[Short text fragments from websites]
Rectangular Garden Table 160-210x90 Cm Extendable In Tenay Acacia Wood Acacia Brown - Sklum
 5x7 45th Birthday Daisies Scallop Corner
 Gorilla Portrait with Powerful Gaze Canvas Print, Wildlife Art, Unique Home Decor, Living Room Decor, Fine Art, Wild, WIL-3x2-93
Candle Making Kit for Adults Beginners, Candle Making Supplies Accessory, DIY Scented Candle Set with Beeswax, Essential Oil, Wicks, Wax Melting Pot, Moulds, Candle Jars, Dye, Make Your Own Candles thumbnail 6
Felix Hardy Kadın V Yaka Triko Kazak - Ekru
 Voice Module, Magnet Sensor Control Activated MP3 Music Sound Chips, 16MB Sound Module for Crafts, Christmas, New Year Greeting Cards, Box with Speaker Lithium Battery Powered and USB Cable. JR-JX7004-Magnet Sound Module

### Exercise prompt
The reply should contain all of the entries exactly as shown above.

### Result
Rectangular Garden Table 160-210x90 Cm Extendable In Tenay Acacia Wood Acacia Brown - Sklum
 5x7 45th Birthday Daisies Scallop Corner
 Gorilla Portrait with Powerful Gaze Canvas Print, Wildlife Art, Unique Home Decor, Living Room Decor, Fine Art, Wild, WIL-3x2-93
Candle Making Kit for Adults Beginners, Candle Making Supplies Accessory, DIY Scented Candle Set with Beeswax, Essential Oil, Wicks, Wax Melting Pot, Moulds, Candle Jars, Dye, Make Your Own Candles thumbnail 6
Felix Hardy Kadın V Yaka Triko Kazak - Ekru
 Voice Module, Magnet Sensor Control Activated MP3 Music Sound Chips, 16MB Sound Module for Crafts, Christmas, New Year Greeting Cards, Box with Speaker Lithium Battery Powered and USB Cable. JR-JX7004-Magnet Sound Module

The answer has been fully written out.